By the time of Dorothy’s birth, Pleasant Lake had already been on the map for nearly 40 years, having been settled by the Holbrook and Mendenhall families in 1882.

The Cline family phone exchange covered a wide area according to Dorothy.

“As I remember, we had Wolford, Knox, York. We also had a pay phone at the post office and my parents got paid for operating it. We were affiliated with Northwestern Bell in Rugby, and we had lots of people on our phone lines. In those days we had bartering, so if people couldn’t pay their bill, we would get food,” she said with a chuckle.

But Dorothy’s childhood wasn’t all hard work. She remembers rollerskating and dances in the haymow of A.W. Hughes’ large barn, known nowadays as the Moral Shively barn, on the southeast edge of the community.

“I learned to dance when I was a pretty young kid. Some of the Dokkens were good dancers. I think it was Glenn Dokken who taught me to waltz.” Her mother and sisters attended the dances, she said, but her dad could never get away. “Somebody had to stay home and watch the phone.”

Picnics under the towering oaks were a popular summer activity. “The original picnic area was south and east of the Geibel house,” she said. Later another picnic spot was created on the north side of the road. A swimming hole east of the picnic spot was made by damming up one of the many springs that run out of the hills to the north. People came from miles around to enjoy the little oasis on the prairie. The area was especially popular with church groups.

In the 1920s U.S. Highway 2 ran right through Pleasant Lake so there was plenty of activity. The Geibel family operated a grocery store east of their house, and there was also a small restaurant and service station. The bank and post office were on a north-south street on higher ground to the northwest. That’s also where the Cline family lived. Three elevators lined the south side of the Great Northern railroad tracks, and Dorothy remembers the devastating fire in the early-to-mid 1930s that wiped out all three structures. Only the depot was not burned.

“The Shively house has been there ever since I remember,” Dorothy said, “and the Methodist Church has been there forever.”

Some of Dorothy’s favorite times were spent at the two-story, clapboard school, which still stands on the north side of the main road. She can effortlessly rattle off the names of her teachers and the last names of some fellow students-the Kjelstroms, Norbys and Bigelows.

“In the winter we’d sled on the hill west of the school, and we’d have someone stand on the highway to watch for cars. We’d slide right across the highway and down closer to the lake.” She and her sisters always walked the roughty half-a-mile to and from school, as did other students. And in the cold months, her mother would often walk to the schoolhouse, bringing Dorothy and her sisters a hot noon meal so they wouldn’t have to eat cold sandwiches.

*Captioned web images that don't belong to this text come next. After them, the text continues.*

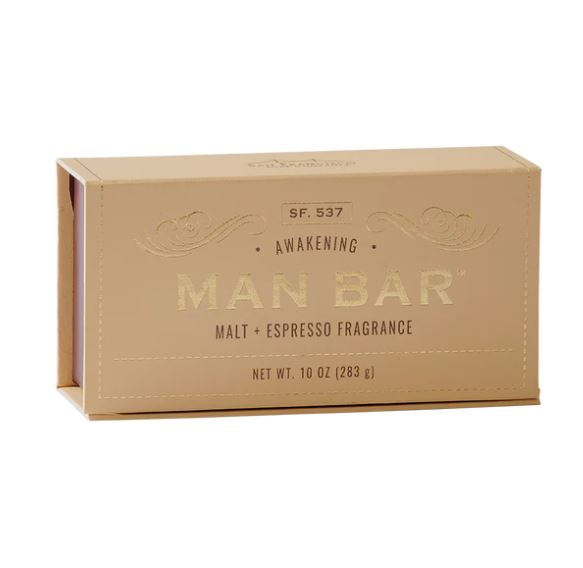 San Francisco Soap Company MAN BAR Soap 10oz - Awakening Malt & Espresso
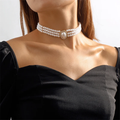 Exquisite Three Luminous Pearl Necklace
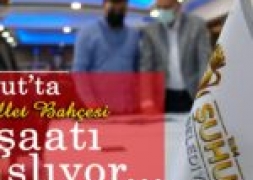 Şuhut'ta millet bahçesinin inşaatı başlıyor.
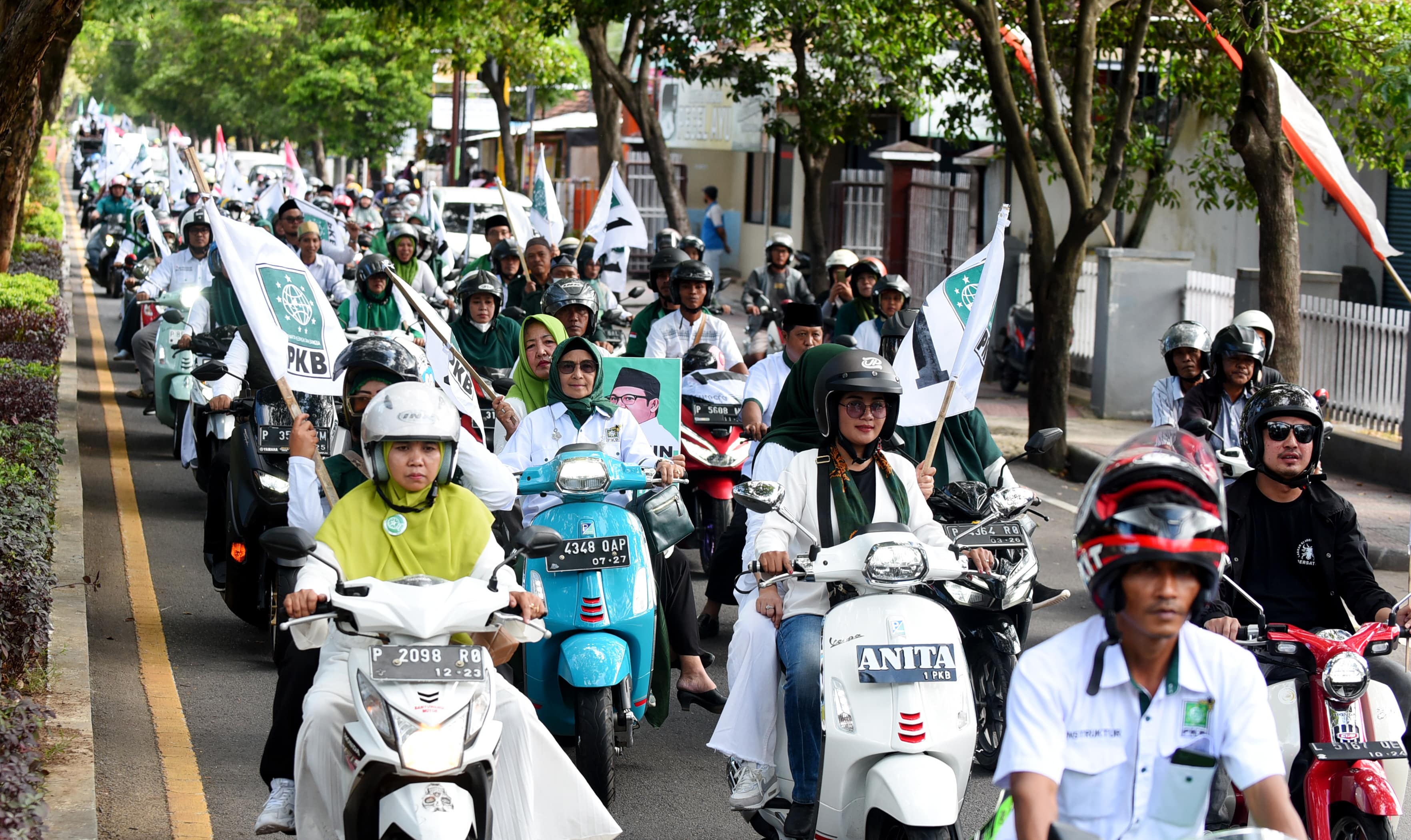MILITAN : Massa PKB Banyuwangi saat menggelar kampanye beberapa waktu lalu.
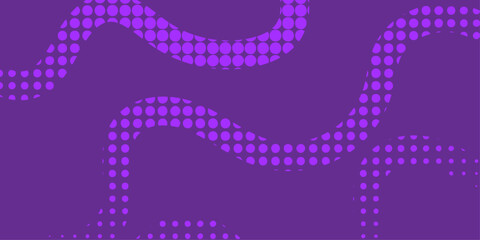 Vivid Retro Pop Art Wave Halftone Pattern Background with Curved Dots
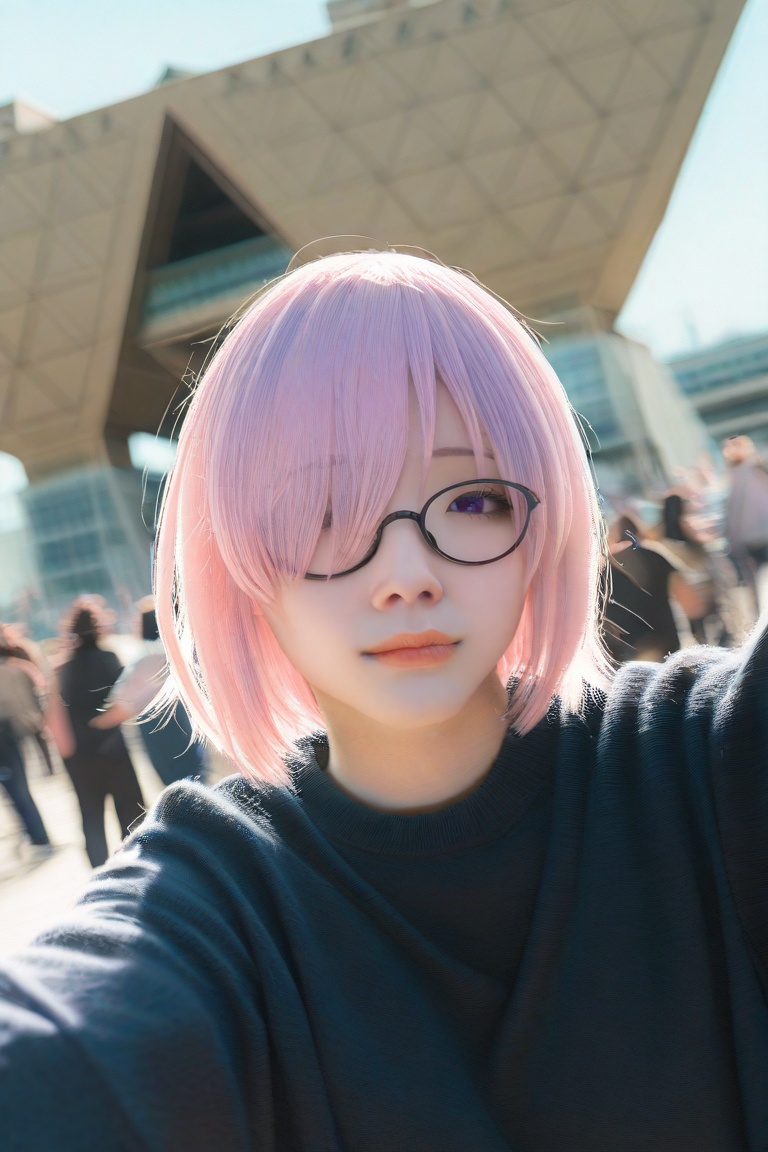 1girl,  mash kyrielight,  fate \(series\) on Tensor.Art
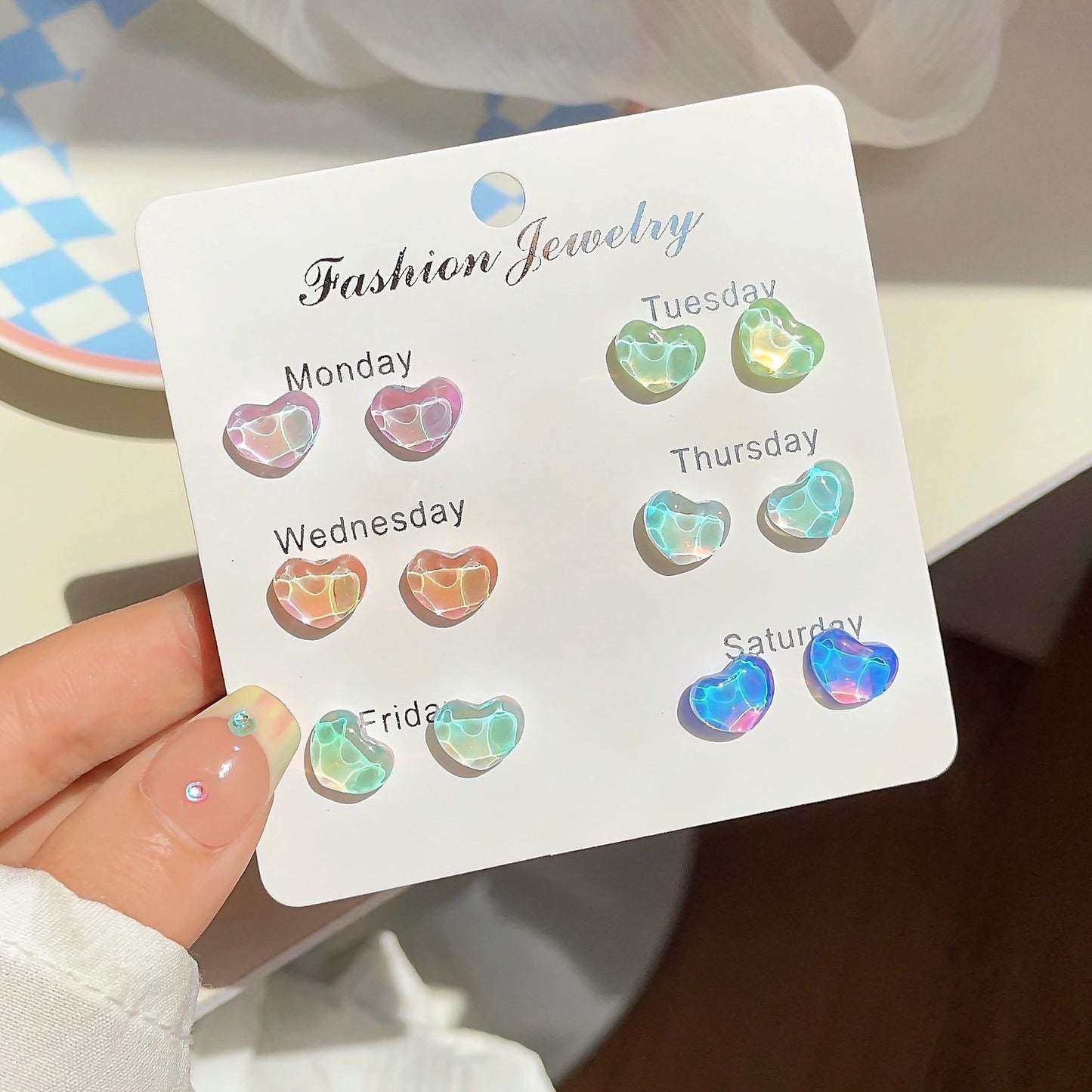 Elegant Pearl Niche Female Sier Pin Four Leaf Clover Stud Earrings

She remembers that graduation exercises for rural schools were held in Minnewaukan, the Benson County seat. Later Dorothy attended high school in Rugby.

But now, save for the the magnificent trees, lilacs and caraganas planted by the pioneers, numerous free-flowing springs and a few extraordinary century-old buildings, very little remains of historic Pleasant Lake.

Dorothy’s childhood home was cut into two pieces, half of which was moved to Rugby. The other half was moved elsewhere in Pleasant Lake. Both halves became parts of other homes. The Bigelow house was relocated to Rugby, and the bank is preserved at the Prairie Village Museum. But Dorothy prefers to remember the town as it was in her youth.

“It was a wonderful area in its day,” she says nostalgically. “We had such freedom. We could run up and down the streets without worry. It was quite the town.”